** To do **
Repeat exactly the lines of the material below that run from the "Imagen 2 de" line to the "Three steps of" line, including both, and do not carry over any pictures.

** Given records **

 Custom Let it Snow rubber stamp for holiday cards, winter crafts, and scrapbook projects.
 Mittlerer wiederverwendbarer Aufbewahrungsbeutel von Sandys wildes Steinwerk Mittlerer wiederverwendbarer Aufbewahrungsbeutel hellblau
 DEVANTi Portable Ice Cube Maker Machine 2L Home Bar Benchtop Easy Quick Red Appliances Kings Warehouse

...

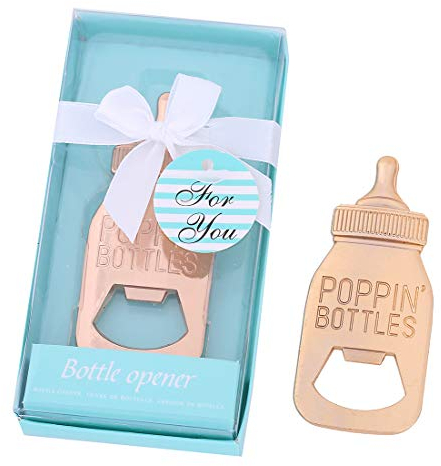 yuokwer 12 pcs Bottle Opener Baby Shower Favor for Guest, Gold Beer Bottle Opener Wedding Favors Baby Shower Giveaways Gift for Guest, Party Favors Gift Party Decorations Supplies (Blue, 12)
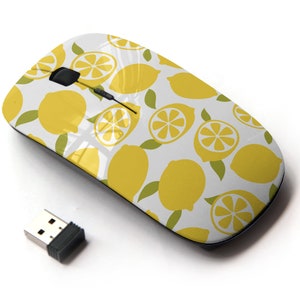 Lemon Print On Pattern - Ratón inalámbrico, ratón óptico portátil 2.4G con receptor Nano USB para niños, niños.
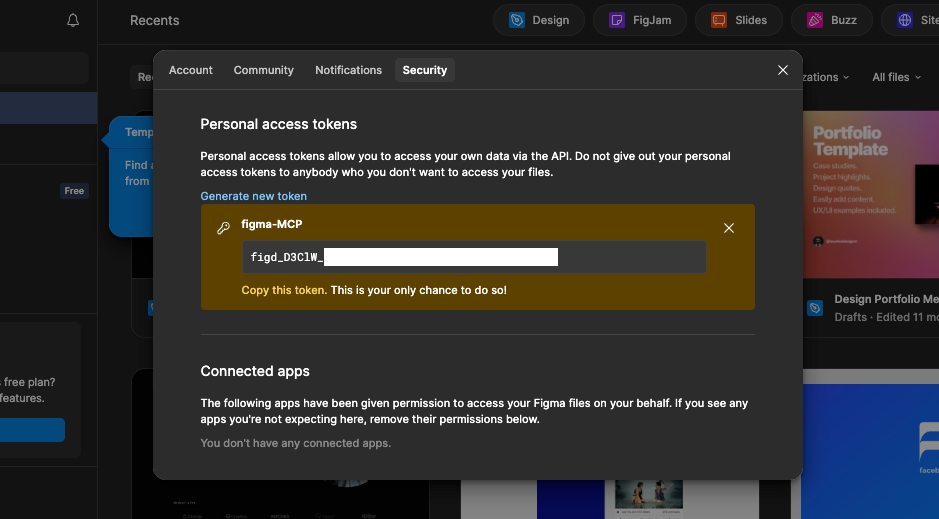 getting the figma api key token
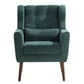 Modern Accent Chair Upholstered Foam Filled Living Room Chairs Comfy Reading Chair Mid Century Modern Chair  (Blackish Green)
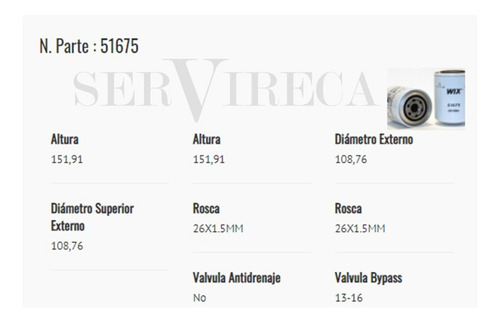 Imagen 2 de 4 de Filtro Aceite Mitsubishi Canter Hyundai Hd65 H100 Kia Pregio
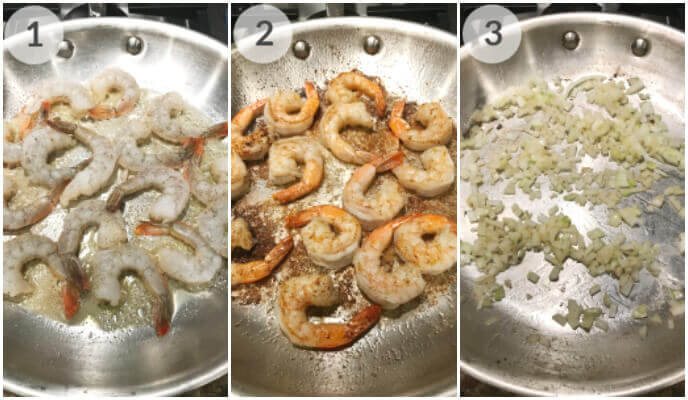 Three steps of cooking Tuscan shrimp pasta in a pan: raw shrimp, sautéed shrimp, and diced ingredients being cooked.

** Output below **
 Imagen 2 de 4 de Filtro Aceite Mitsubishi Canter Hyundai Hd65 H100 Kia Pregio
 Three steps of cooking Tuscan shrimp pasta in a pan: raw shrimp, sautéed shrimp, and diced ingredients being cooked.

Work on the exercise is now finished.